There are 3 types of ‘cards’:

  • Patternform Cards
  • Moneyform Cards
  • Dobbing Overview Cards (old format)

Generally I look at two of them, although can see the benefit in all three. I’ve found the best way to use Patternform cards is through their dobbing overview cards and Patternform cards (the main feature they have).

Lets get stuck into the Patternform cards themselves and how you might use them…

Patternform Cards…

It looks confusing at first, but it’s really not.

If you look at the image below, you’ll see a specific horse race. After selecting the Patternform cards feature, you have the ability to select a particular race. This is what it looks like:

how to use patternform

You’ll see various speed ratings and detail like the age and weight of a horse. As useful as it may be for punters, this doesn’t particularly interest me.

The interesting part for me, begins when you have the ability to filter said horses (on the lower half of the image). Take a look below, purely as an example I’ve filtered the ‘race distance’ highlighted to 12 furlongs. After doing this you just hit re-run. The Patternform card will then re-sort the horses within that race, displaying their percentages and times run over that distance previously.

Have a look below…

how to use patternform after

Having the ability to sort the runners like this can be useful when trying to see if it’s the first time a horse has been run over that distance, track, going etc. The quickest way to be honest, far quicker than sifting through the horses runs one by one.

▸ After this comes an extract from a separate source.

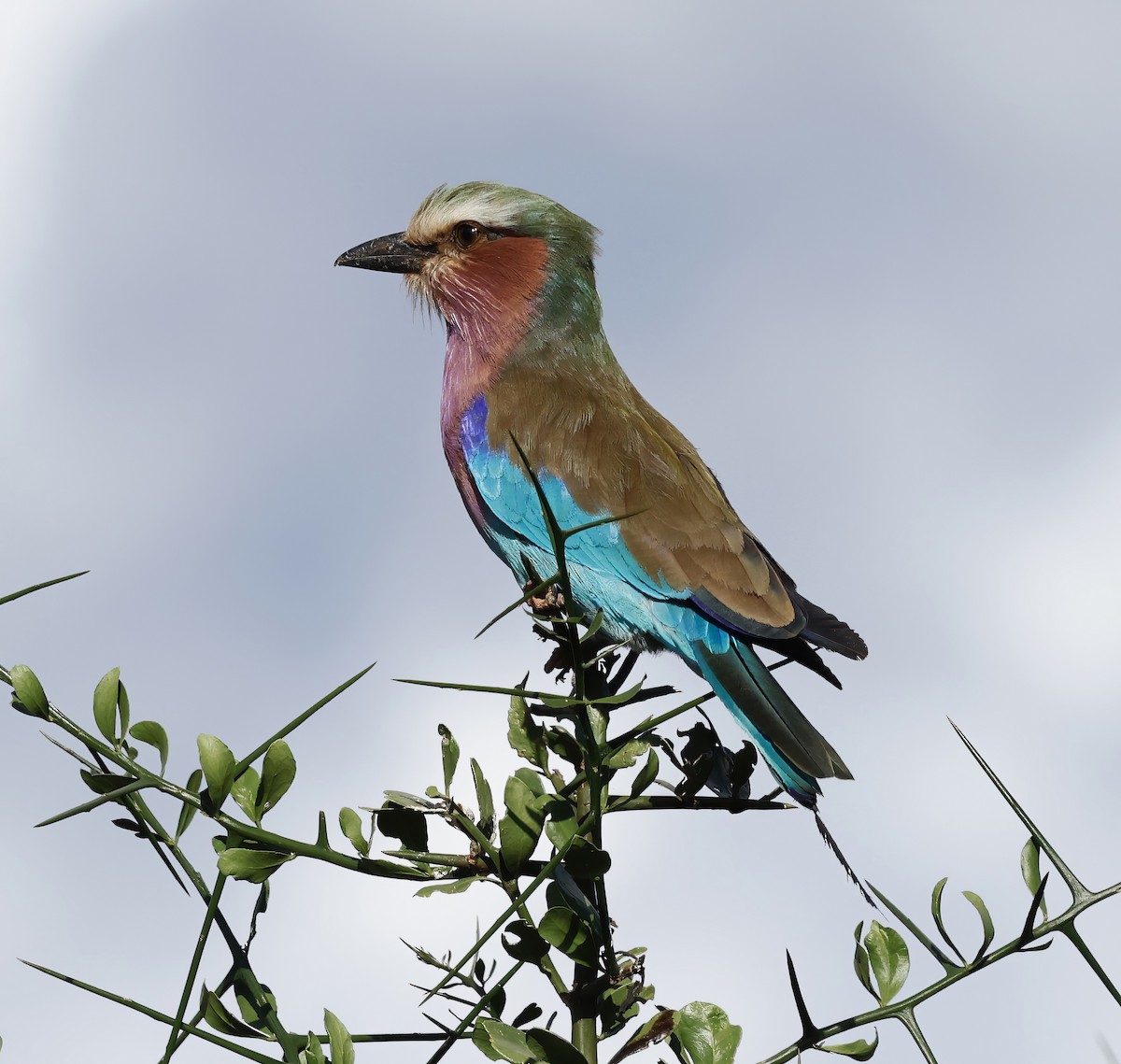 Lilac-breasted Roller - ML616771091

You’ll also see in the top right – there are pace cards. An additional add-on that shows in-running data for each horse. Helpful, as longer followers will know.

When you think of the conventional way to look at horsesform like how a racing post race-card works. Patternform provides a far quicker solution, another interesting way to look at things is via filtering the weight carried in a handicap race.

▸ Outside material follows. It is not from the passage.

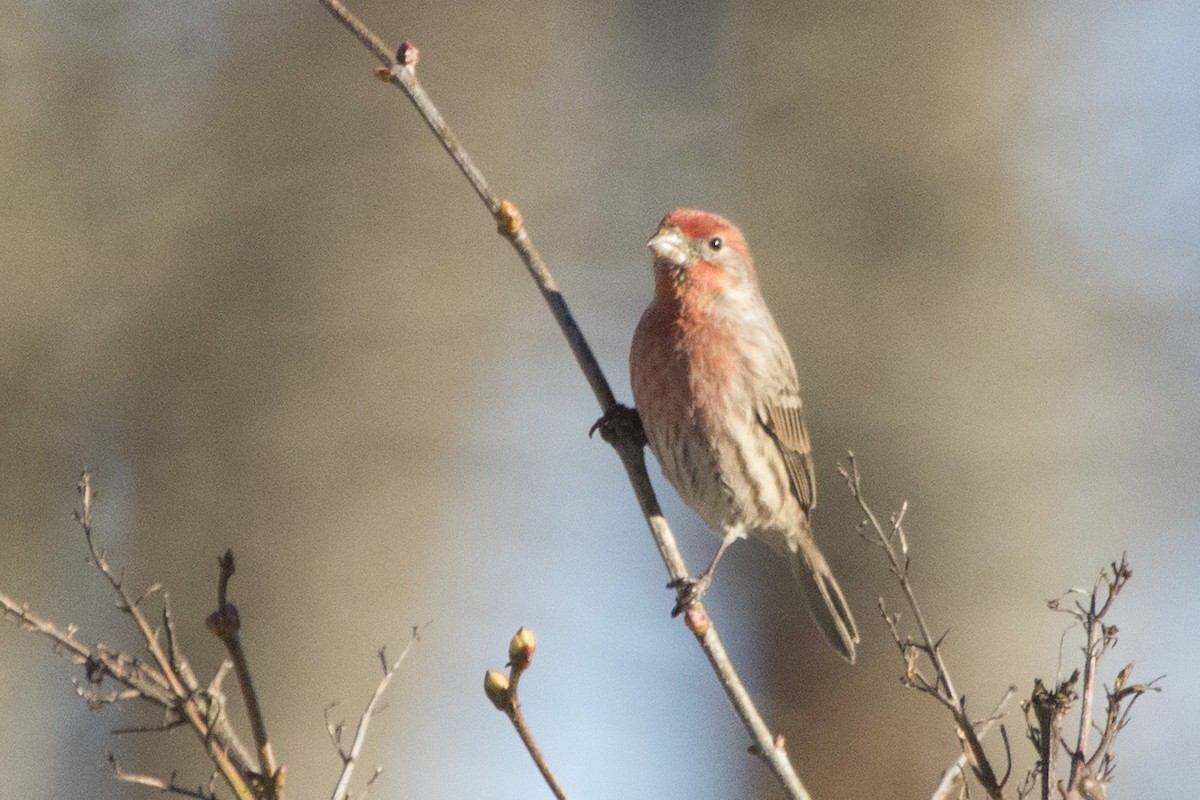 House Finch - ML133102231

Next; How to use moneyform cards…

Moneyform Cards

A bit different. Moneyform cards are quite simplistic, but effective when used with other tools.

Lets take a peak at the very same race as mentioned above with the Patternform cards:

How to Use Moneyform Cards

In the moneyform card above you’ll notice a few things; A selection of coloured numbers and a DOB %.

The numbers express a range at which the horse traded at in-running. The * expresses a win, or at the very least a 1.01 gubbing. The numbers representing the price band above it which it traded at (lowest) in-play, 9 being anything above. The overall % is just that of the total runs, how many times did the horse half in price – Gibbs Hill did 100% of the time for example. Useful to know.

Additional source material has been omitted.